Collision coverage protects against things such as crashing into a ditch, damaging your car on a curb, colliding with a tree and backing into a parked car. This coverage can be expensive, so consider dropping it from vehicles that are 8 years or older. Drivers also have the option to choose a higher deductible to bring the cost down.
Comprehensive insurance – Comprehensive insurance coverage covers damage from a wide range of events other than collision. You need to pay your deductible first then the remaining damage will be covered by your comprehensive coverage.

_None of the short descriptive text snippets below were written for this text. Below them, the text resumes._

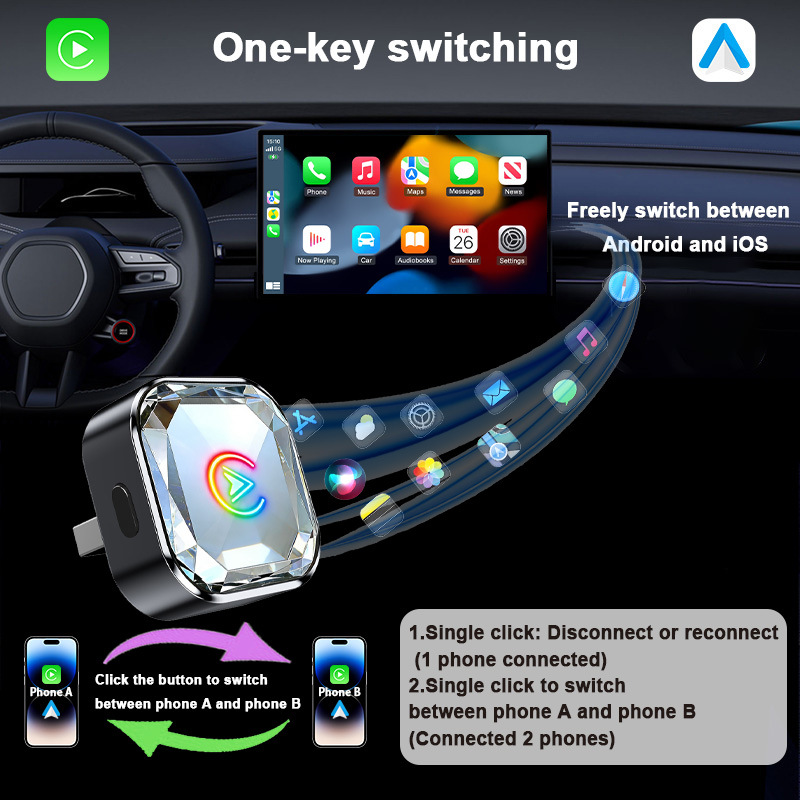 Cross-Border Popular Car-Mounted Wireless Carplay Adapter Android Auto 2-in-1 Wired to Wireless Adapter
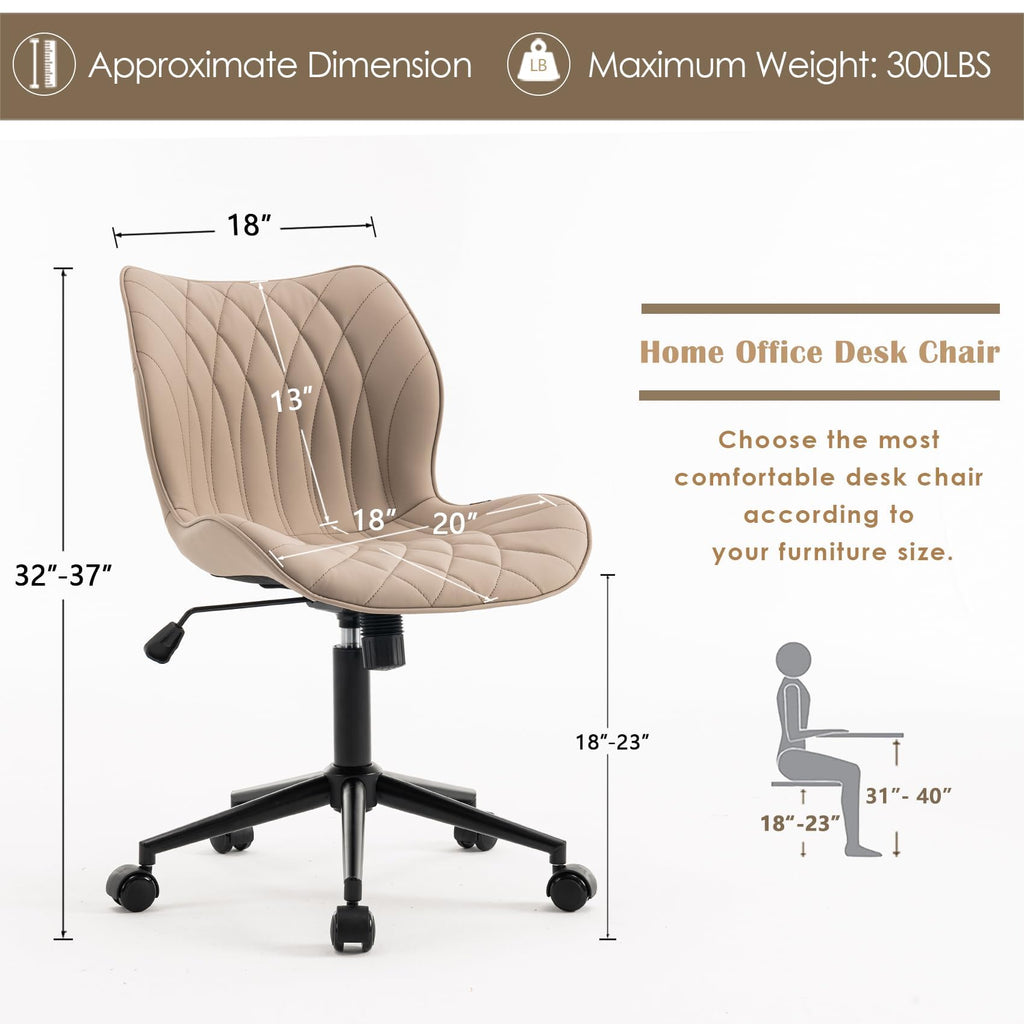 Armless Desk Chair Comfy Office Chair with Wheels Home Ergonomic Task Chair Adjustable Computer Chairs Modern Faux Leather Swivel Chair Upholstered Makeup Vanity Chair with Back(Khaki)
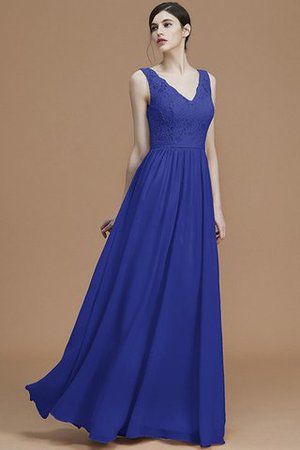 V-Ausschnitt Prinzessin Normale Taille Reißverschluss A Linie Brautjungfernkleid - Bild 31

Comprehensive insurance covers things such as vandalism, damage from getting keyed, damage from a tornado or hurricane and a broken windshield. The highest amount your car insurance company will pay is the market value of your vehicle, so if your deductible is as high as the vehicle’s value it’s probably time to drop comprehensive insurance.
When buying insurance coverage, never reduce needed coverages to save money. Too many times, someone sacrificed full coverage and learned later that the small savings ended up costing them much more. The proper strategy is to purchase plenty of coverage for the lowest price, not the least amount of coverage.
Budget-conscious 1991 Dodge RAM 150 insurance is possible from both online companies in addition to many insurance agents, so compare prices from both to have the best chance of lowering rates. Some insurance companies do not provide the ability to get a quote online and most of the time these regional insurance providers sell through independent agents.